## Task statement:
Set down the records once more, please, exactly and with the pictures left out.

(Source records)

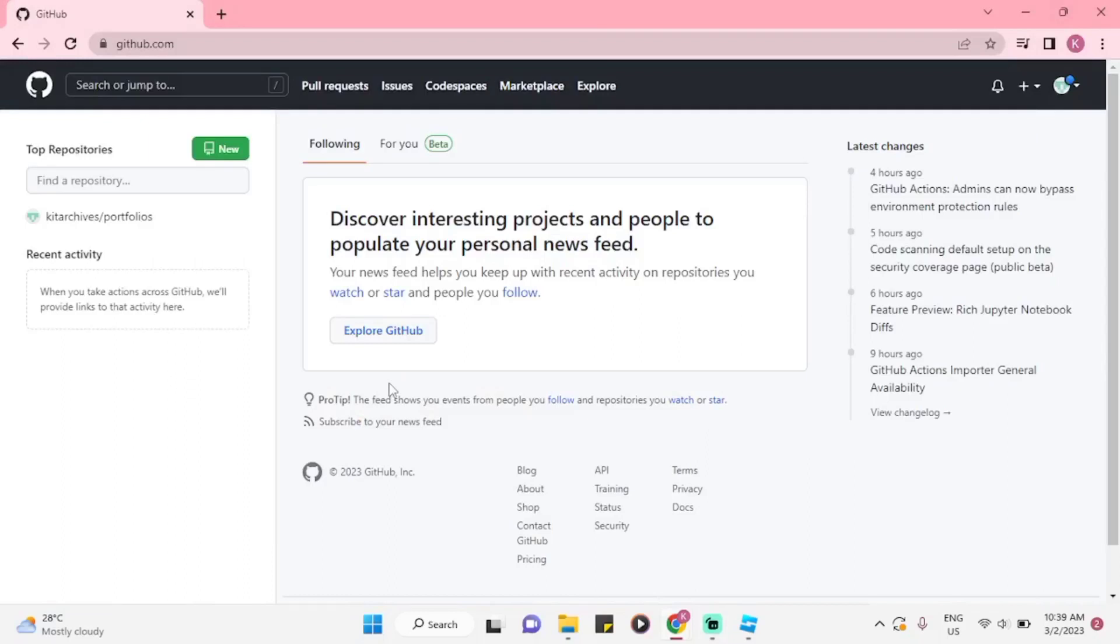Hey everyone! In this video, I am going to show you how to upload projects on your GitHub account.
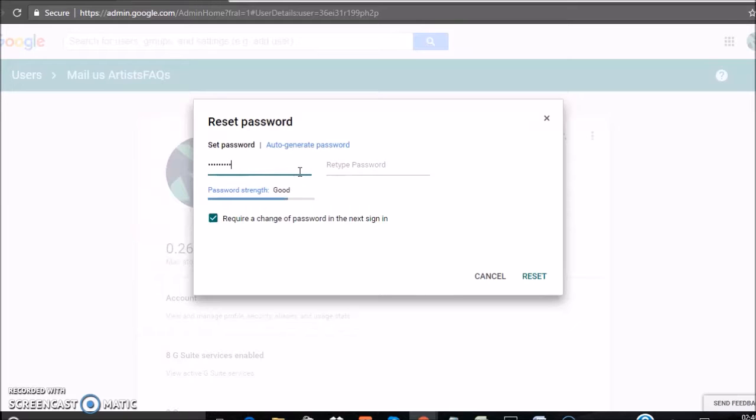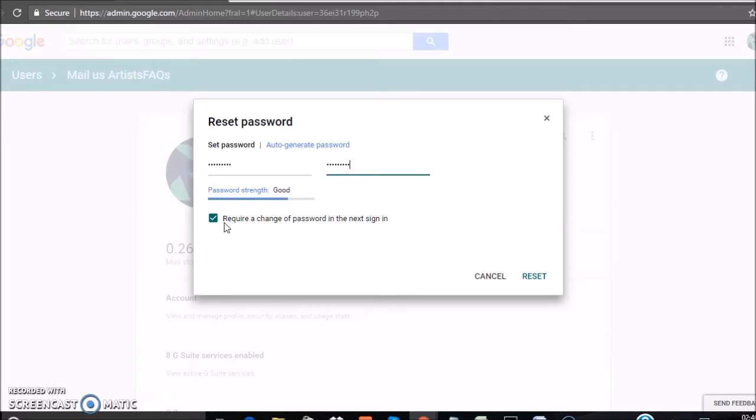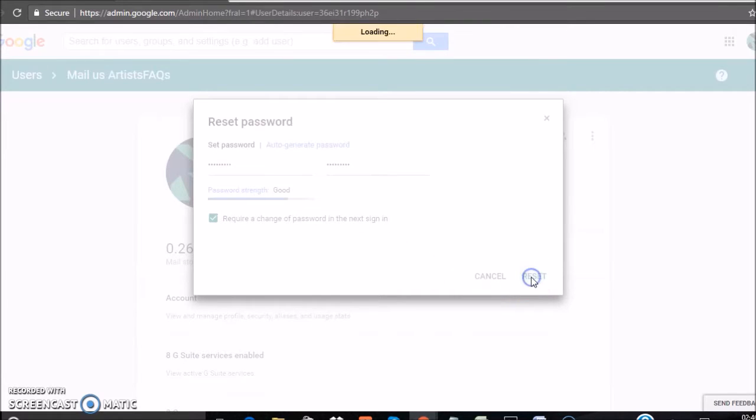Type the same password again. If you want the user to change the password at next sign-in, please click on this checkbox. Then click Reset Password.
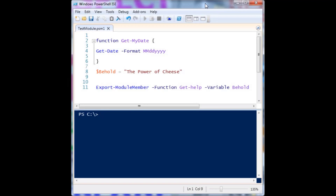Modules in PowerShell basically allow you to share code in a uniform way so that you can essentially hand off a package to someone else and they can import it into their PowerShell environment and use your code. One of the great things about PowerShell is being able to share code and solve problems. So if you have something cool that you've made and you want to share it with people so they can easily use it in their environment, it's good to make a module out of it.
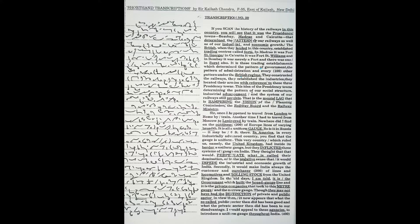They located their armies with reference to these three presidency towns. This idea of the presidency towns determining the pattern of our social structure, industrial advancement, and the system of our railways still persists. That is the mental lag that is hampering the vision of the Planning Commission, the Railway Board, and the Railway Ministry.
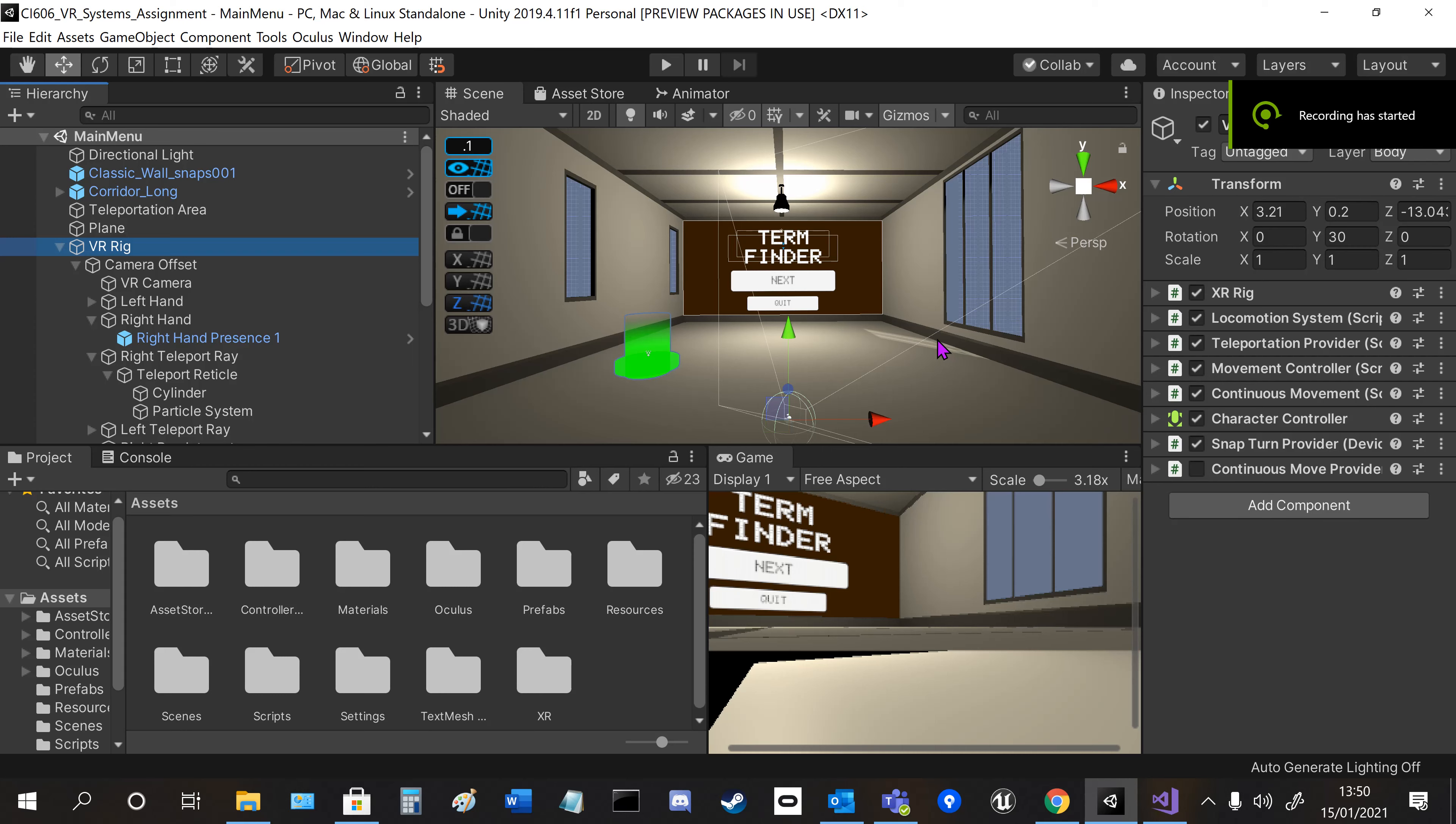Hi, this is Sam. I'm just going to show you the code for my VR application, Turn Finder.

(End Source records)

## Solution to this task:
Hey everyone! In this video, I am going to show you how to upload projects on your GitHub account.
Type the same password again. If you want the user to change the password at next sign-in, please click on this checkbox. Then click Reset Password.
Modules in PowerShell basically allow you to share code in a uniform way so that you can essentially hand off a package to someone else and they can import it into their PowerShell environment and use your code. One of the great things about PowerShell is being able to share code and solve problems. So if you have something cool that you've made and you want to share it with people so they can easily use it in their environment, it's good to make a module out of it.
They located their armies with reference to these three presidency towns. This idea of the presidency towns determining the pattern of our social structure, industrial advancement, and the system of our railways still persists. That is the mental lag that is hampering the vision of the Planning Commission, the Railway Board, and the Railway Ministry.
Hi, this is Sam. I'm just going to show you the code for my VR application, Turn Finder.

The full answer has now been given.